Dataset extract:

----

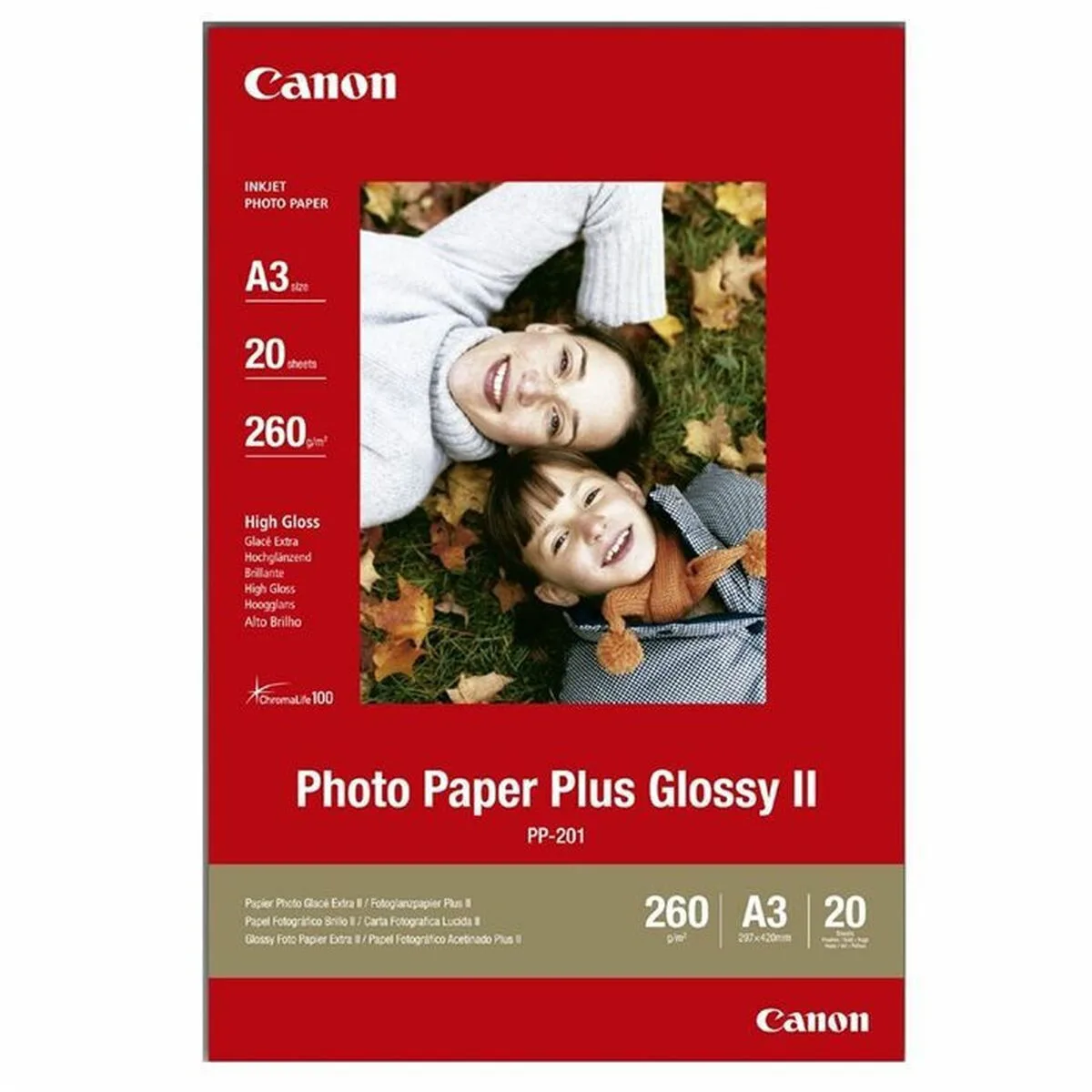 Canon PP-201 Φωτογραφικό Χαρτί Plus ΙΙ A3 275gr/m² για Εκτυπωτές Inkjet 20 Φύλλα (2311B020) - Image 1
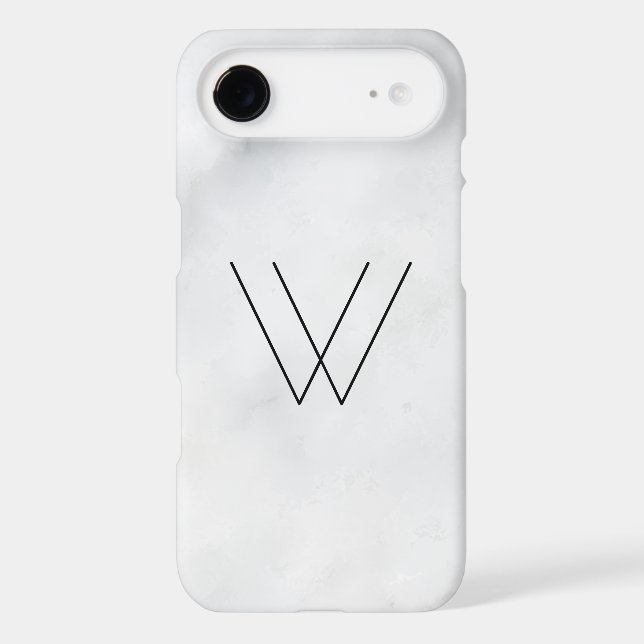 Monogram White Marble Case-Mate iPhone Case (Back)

----

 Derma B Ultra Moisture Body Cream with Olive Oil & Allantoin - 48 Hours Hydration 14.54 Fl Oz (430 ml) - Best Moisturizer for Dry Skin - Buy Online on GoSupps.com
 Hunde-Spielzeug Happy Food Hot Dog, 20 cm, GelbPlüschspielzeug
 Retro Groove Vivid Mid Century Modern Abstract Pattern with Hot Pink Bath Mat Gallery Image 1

----

Directions for this task:
Go through the entries above, and wherever a line holds the word "with", copy that line.

Answer space:
 Derma B Ultra Moisture Body Cream with Olive Oil & Allantoin - 48 Hours Hydration 14.54 Fl Oz (430 ml) - Best Moisturizer for Dry Skin - Buy Online on GoSupps.com
 Retro Groove Vivid Mid Century Modern Abstract Pattern with Hot Pink Bath Mat Gallery Image 1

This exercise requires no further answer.